Die Brionischen Inseln/Brijuni bilden einen Teil der sogenannten österreichischen Riviera, die sich von Triest nach Pula entlang der Istrischen Küste zog. 1850 machten die Habsburger Lussin zu ihrer Sommerresidenz, 1860 vollendete Erzherzog Maximilian sein Sommerschloss Miramare bei Triest. Paul Kupelwieser kaufte 1893 die Brionischen Inseln, um in dieser Umgebung, begünstigt durch das milde Klima, das eine fast ganzjährige Saison erlaubte, ein neues „Capri“ zu schaffen. Er ließ die Sümpfe trockenlegen, bekämpfte mit Unterstützung Robert Kochs die Malaria, legte Reste einer römischen Kaiservilla frei und schuf Hotelanlagen, einen Jachthafen und sonstige touristische Einrichtungen auf modernstem Niveau. Die Nähe zu den wichtigen Häfen Pula und Triest und die damit einhergehende gute verkehrsmäßige Anbindung trugen zum Erfolg des Kupelwieser’schen Projektes bei. Brioni entwickelte sich bis zum ersten Weltkrieg zu einem der beliebtesten Urlaubsziele der europäischen Haute Volée. Unter Mussolini fielen die Inseln an Italien.

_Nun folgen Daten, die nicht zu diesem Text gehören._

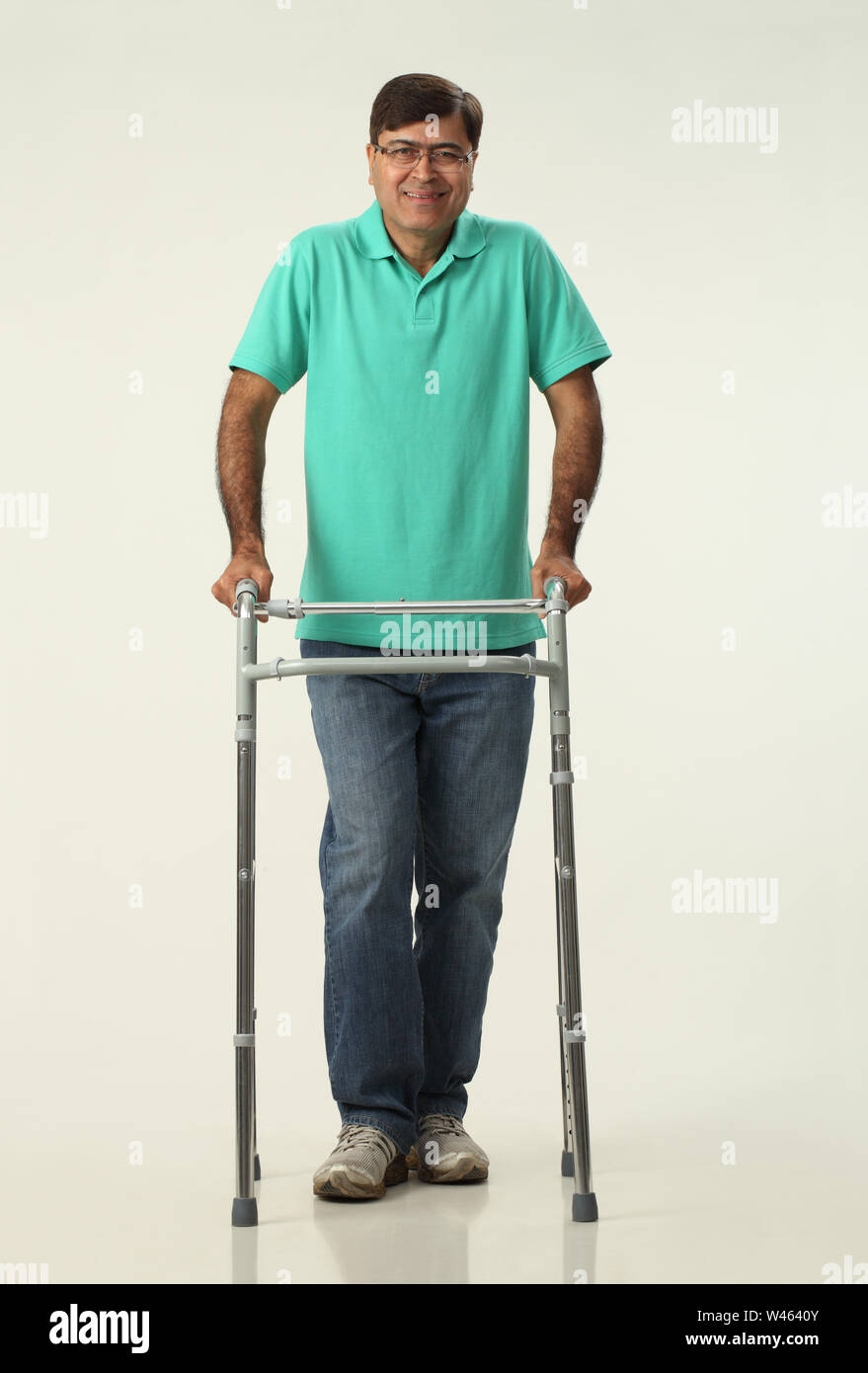 Man walking with a walker Stock Photo - Alamy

Durch die Eheschließung von Maria Anna Kupelwieser und Manfred I. Mautner Markhof (17. April 1926) wurde die Geschichte Brionis mit der des Hauses Mautner Markhof verbunden.
Auszüge aus den Lebenserinnerungen von Manfred I. Mautner Markhof
Brioni, diese märchenhafte Insel war im Besitz der Familie meiner Frau und eine Gründung des Großvaters, Paul Kupelwieser. Dieser war ein ganz hervorragender Mann. Relativ früh, mit ca. 50 Jahren, zog er sich als Industrieller – er hatte als Generaldirektor von Witkovitz dieses Stahlwerk zur Blüte gebracht- zurück und kaufte die malariaverseuchte, etwa 750 ha große Insel Brioni in der Adria. Mit Hilfe seines Freundes Robert Koch, dem berühmten Malariaforscher, war die Insel in kürzester Zeit fieberfrei, und nichts stand mehr im Wege, dieses Kleinod aufzuschließen. Es entstanden um den kleinen Hafen entsprechende Hotels mit einem großen, gedeckten Schwimmbad mit warmem Meerwasser, damals etwas ganz Außergewöhnliches, über hundert Kilometer chaussierter Straßen, ein 18-Loch-Golfplatz, zwei Poloplätze, Tennisplätze, etc. Auf Anregung von Carl Hagenbeck wurde ein großer Tierpark angelegt, der auch zur Akklimatisierung von frisch gefangenen Tieren Afrikas zur Verfügung stand. Später wurden dann auf der Insel in freier Wildbahn Hasen, Fasane, Rehe, Damwild, Mufflons und Axishirsche ausgesetzt, die sich glänzend vermehrten, allerdings nicht gerade zum Vorteil der herrlichen Flora. Ein dritter Freund Paul Kupelwiesers war Rudolf Diesel, der Erfinder der nach ihm benannten Motoren; dem erlaubte er, in das Schiff, das dem Verkehr mit dem Festland – also mit dem Kriegshafen Pola – dienen sollte, den ersten Dieselmotor, der je in ein Schiff kam, einzubauen. Dieses Fahrzeug, das ca. 100 Personen tragen konnte, versah seinen Dienst in unglaublich verlässlicher Art bis zum Beginn des Zweiten Weltkrieges. Nach dem Tode Carl Kupelwiesers (1925) – Großvater Paul war bereits 1919 verstorben – ging der Besitz in die Hände meiner Frau und ihrer beiden jüngeren Schwestern über. Die Verwaltung übernahm ein Freund der Familie, ein K. u. K. Marineoffizier, Dipl.-Ing. Pietro Cunoldi.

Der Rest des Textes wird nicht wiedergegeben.